Lower Body Exercises
- Power Lunges
Perform a typical lunge, but start with your right foot on the BOSU dome. As you rise from the lunge, jump up and switch legs in the air so your left foot lands on the dome and your right foot is behind you. Continue this jumping/lunging motion for up to 16 repetitions for excellent endurance and heart benefits.
- Hamstring Tilts
With the dome-side down, lie on the floor on your back with your knees bent and both feet on the platform. Lift your hips a few inches off the floor and press the dome forward and backward with your feet to work your core muscles and hamstrings (repeat up to 16 times).
- Hip Extensions
Get on your hands and knees with your knees on the dome-side of the ball and your hands on the floor. Lift one leg up in-line with your hip, keeping your knee bent, and press your heel toward the ceiling. Repeat up to 16 times and then switch to the other leg. A weight can be placed behind your knee for even more intensity.
Upper Body Exercises
Perform a regular pushup, but place your hands on the platform-side of the BOSU instead of on the floor. Along with working your chest and arms, this move also works your core.
- Back Extension
With the BOSU ball platform-side down, lie over the ball on your stomach with your hands under your chin. Contract your abs to lift your head and feet off the ground, extending your back. Lower and repeat while holding your abs tight, for a total of one to three sets of 8-16 reps.
- One-Armed Row
Place the BOSU platform-side down, then kneel with your left knee on the dome and your right hand on the floor. Your right leg should be extended straight out behind you. With a weight in your left hand, bend your elbow and pull it to your torso. Lower and repeat for one to three sets of 8-16 reps, then switch to the other side.

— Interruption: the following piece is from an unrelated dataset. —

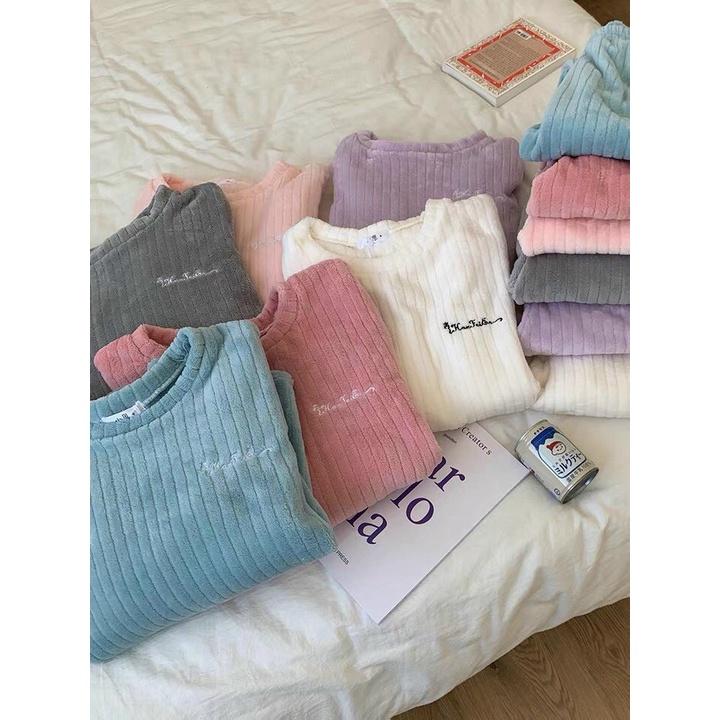 (HÀNG ORDER) Bộ đồ ngủ lông len tăm nhiều màu phong cách Hàn Quốc - GNCM | BigBuy360 - bigbuy360.vn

With the dome side down, get into a push-up position but keep your elbows straight, not bent. You can keep either your knees or toes on the ground, holding the plank position (with your abs tight) for up to 60 seconds.
- Full Crunch
Place the platform side down, then lie on the ball on your back. Pull your knees into your chest and keep your hands behind your head. Squeeze your abs and lift your shoulders and hips off the dome in a full crunch. Repeat up to 16 times.
An Inexpensive Fitness Essential
The BOSU ball is on my list of inexpensive fitness essentials that you can pick up to start your own in-home gym. The home version of the BOSU ball is about $100, or there is a professional version, which is designed with extra strength in the platform, for $130, both available on Amazon.
As with most things in life, a balanced routine works best, so you'll want to avoid placing too much emphasis on cardio, strength training or any one type of activity, as this can lead to imbalances that may actually interfere with optimal health.
This is why it's so important to maintain a well-balanced fitness regimen that includes not just functional training with a BOSU ball, but also strength training, stretching, and high-intensity interval training like Peak Fitness. The use of the BOSU fits in nicely to just about any comprehensive fitness routine, and can be used with virtually all of your activities, from stretching and strength training to aerobics.